Saturday, June 14, 2014

22 Jump Street

The first film's rebooting of the 80s television show with Jonah Hill and Channing Tatum as a pair of screw-up cops sent in undercover as high school students turned out to be a surprisingly self-aware dumb-fun action-comedy. Those who enjoyed 21 Jump Street and were left wanting more of the same should enjoy the sequel (which even the script by Michael Bacall, Oren Uziel, and Rodney Rothman admits, on multiple occasions, is basically the exact same story all over again).

Poking fun not only at the pair of cops attempting to pass themselves off as college freshman but also sequels in general this time around, 22 Jump Street sends officers Schmidt (Hill) and Jenko (Tatum) to college to track down a new designer drug WHYPHY. Offering the same friendship and fallout dynamic between partners as 21 Jump Street, the sequel also gives gives Schmidt a new love interest (Amber Stevens) while working Ice Cube into a slightly larger role this time around. It's not a great film, and you're certainly going to have to put your brain on hold, but it does provide plenty of dumb fun.

Although the arc is familiar, Hill and Tatum work well together once again. Stevens turns out to be a nice addition to the franchise (whose character works slightly better than Brie Larson's role from the first film), and Wyatt Russell is perfectly cast as Jenko's new frat buddy Zook. For those planning on seeing the film I'd also recommending staying for the first-half of the credit sequence as the movie teases us with endless possible sequels ranging from "Ninja School" to "Culinary School" and even promotional tie-ins for the series.
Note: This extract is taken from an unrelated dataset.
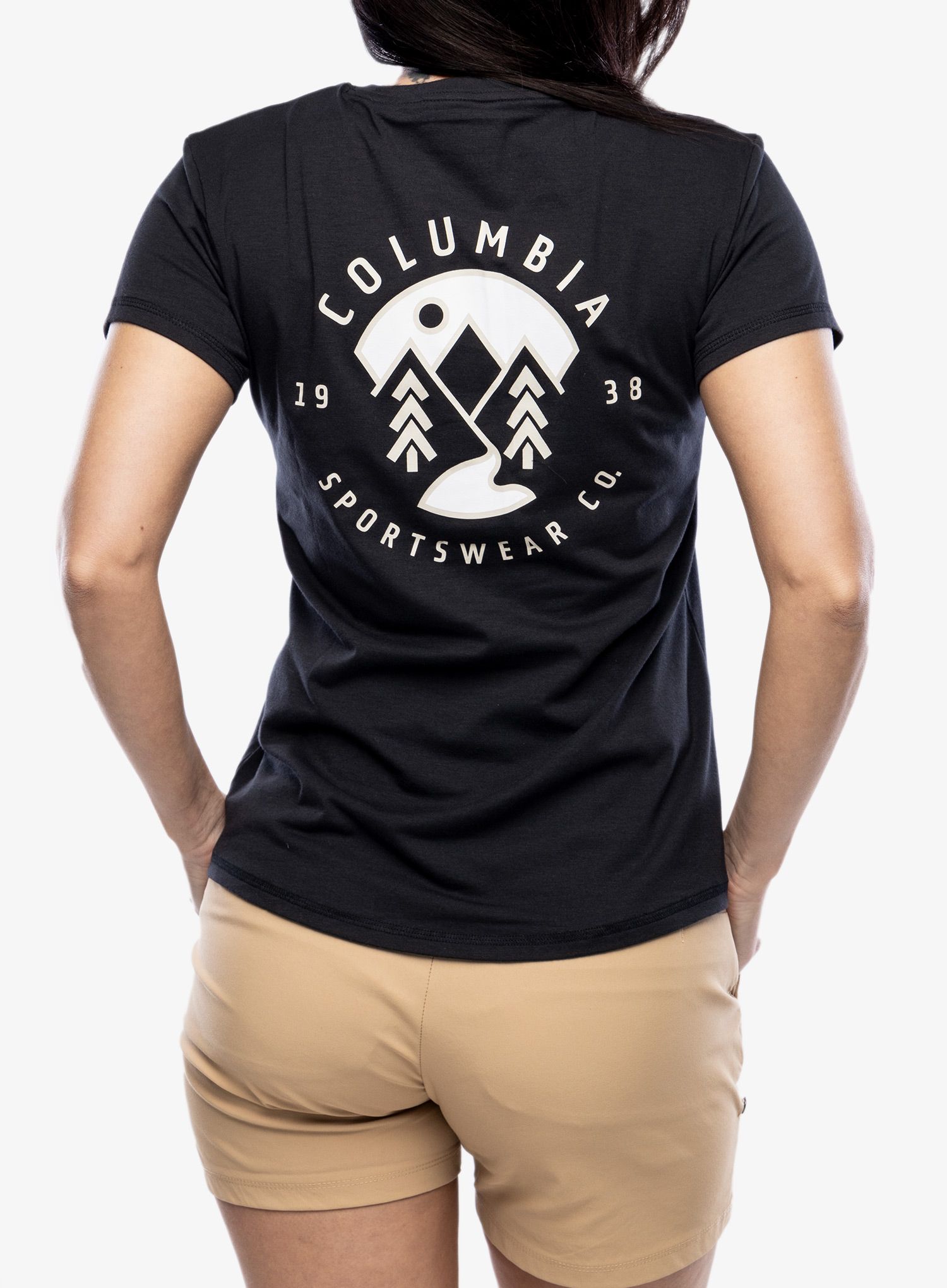 Ženska majica s potiskom Columbia Sun Trek S/S Graphic Tee - black/naturally boundless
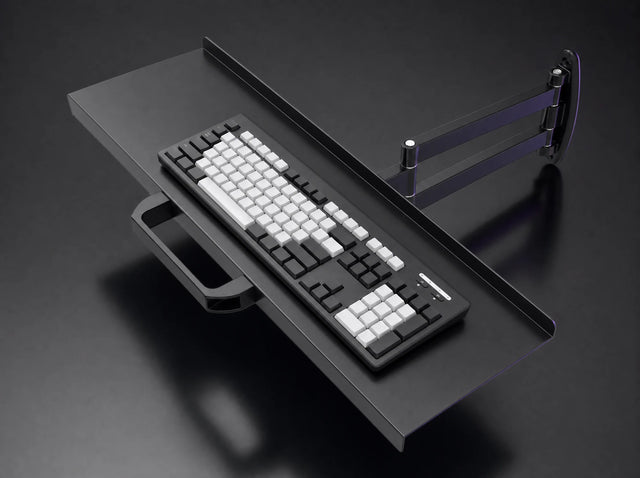 KT-1 black steel keyboard tray with side arm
Much like the first film, the movie succeeds while focusing on the ridiculous nature of its premise and the relationship between its two stars while struggling in other areas. The weakest aspect are the villains (largely absent until our two doofus heroes finally work together to solve the case). Even once revealed the group are either comedic or forgettable rather than anything approaching a legitimate threat - even to the likes of Schmidt and Jenko.